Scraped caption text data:
○ ○ ○ ○ ○ ○ ○

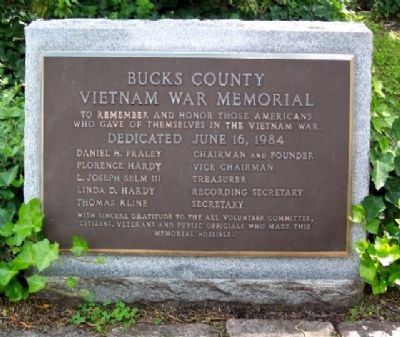 Bucks County Vietnam War Memorial Marker. Click for full size. Bucks County Vietnam War Memorial Marker image. Click for full size.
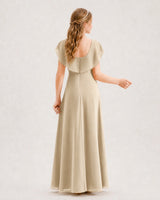 Champagne Chiffon A-line Junior Bridesmaid Dresses Back View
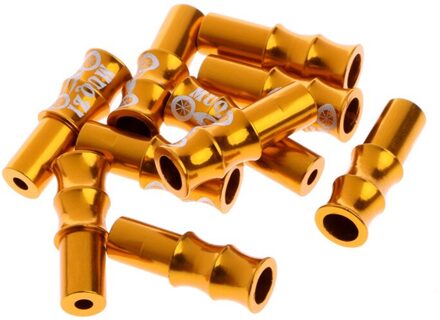 Top 10Pcs Fiets Fietsen Brake Derailleur Shifter Kabel End Crimps 4Mm goud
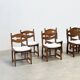 Set of six brutalist razorback dining chairs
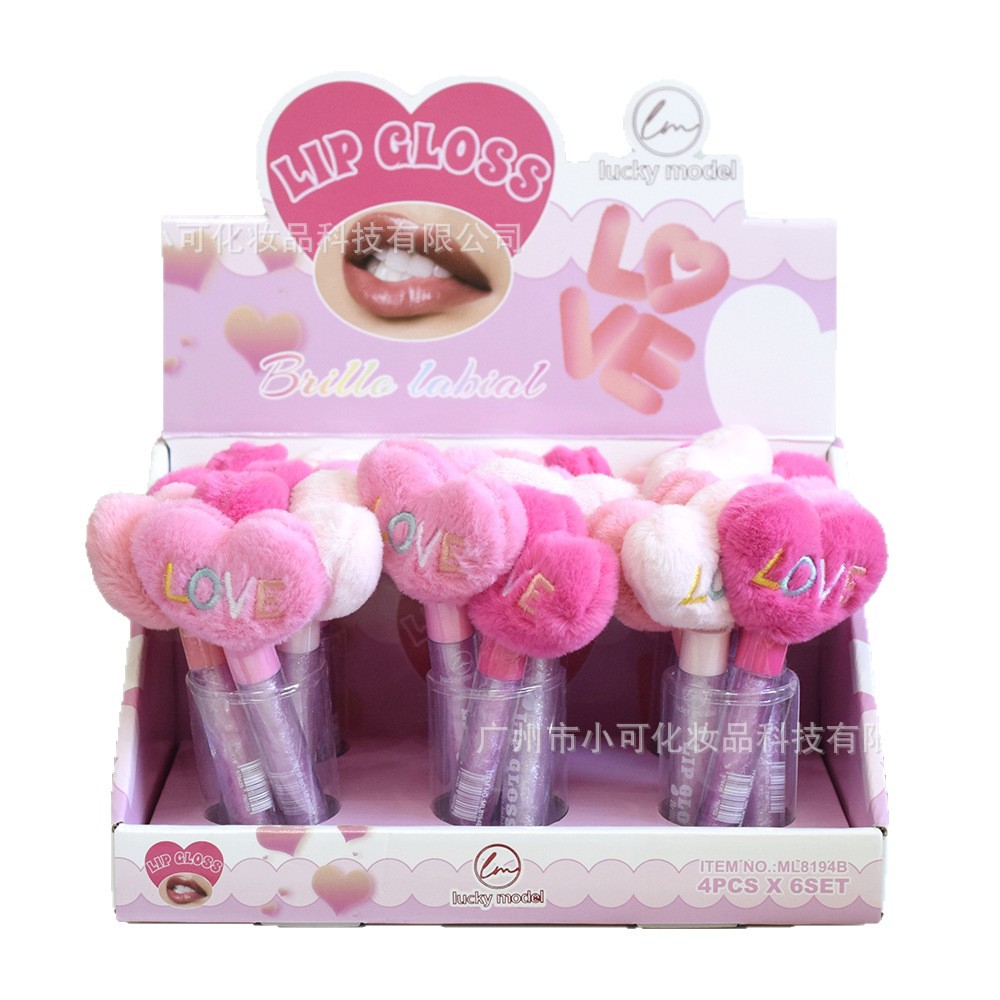 ML8194B Pearl Moisturizing Lip Gloss LUCKY MODEL Heart-shaped Bucket shiny LIPGLOSS Export Item Picture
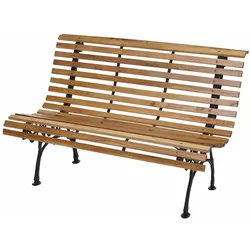 PROREGAL Gartenbank | HxBxT 80x122x70cm | Sitzbank Parkbank Holzbank | 2-Sitzer Gusseisen Holz 22kg | Hellbraun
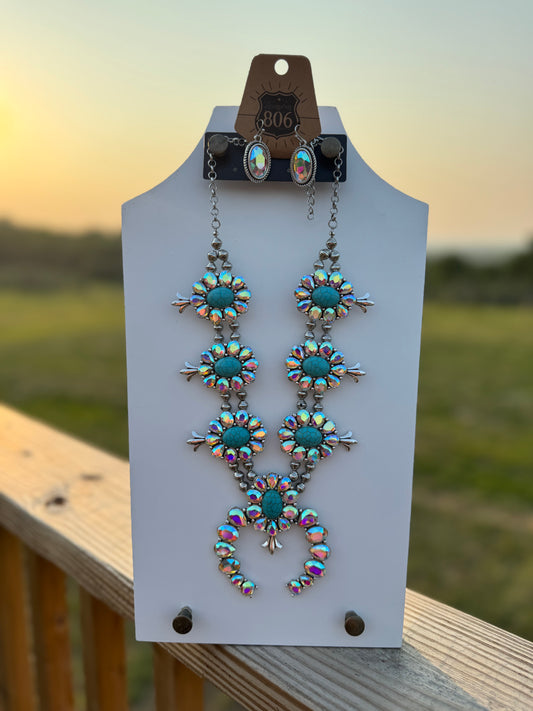 Rhinestone Squash Blossom Necklace Set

○ ○ ○ ○ ○ ○ ○

## Work task
Your answer must be an exact copy of the records above, with no pictures included.

## Response below
 Bucks County Vietnam War Memorial Marker. Click for full size. Bucks County Vietnam War Memorial Marker image. Click for full size.
 Champagne Chiffon A-line Junior Bridesmaid Dresses Back View
 Top 10Pcs Fiets Fietsen Brake Derailleur Shifter Kabel End Crimps 4Mm goud
 Set of six brutalist razorback dining chairs
 ML8194B Pearl Moisturizing Lip Gloss LUCKY MODEL Heart-shaped Bucket shiny LIPGLOSS Export Item Picture
 PROREGAL Gartenbank | HxBxT 80x122x70cm | Sitzbank Parkbank Holzbank | 2-Sitzer Gusseisen Holz 22kg | Hellbraun
 Rhinestone Squash Blossom Necklace Set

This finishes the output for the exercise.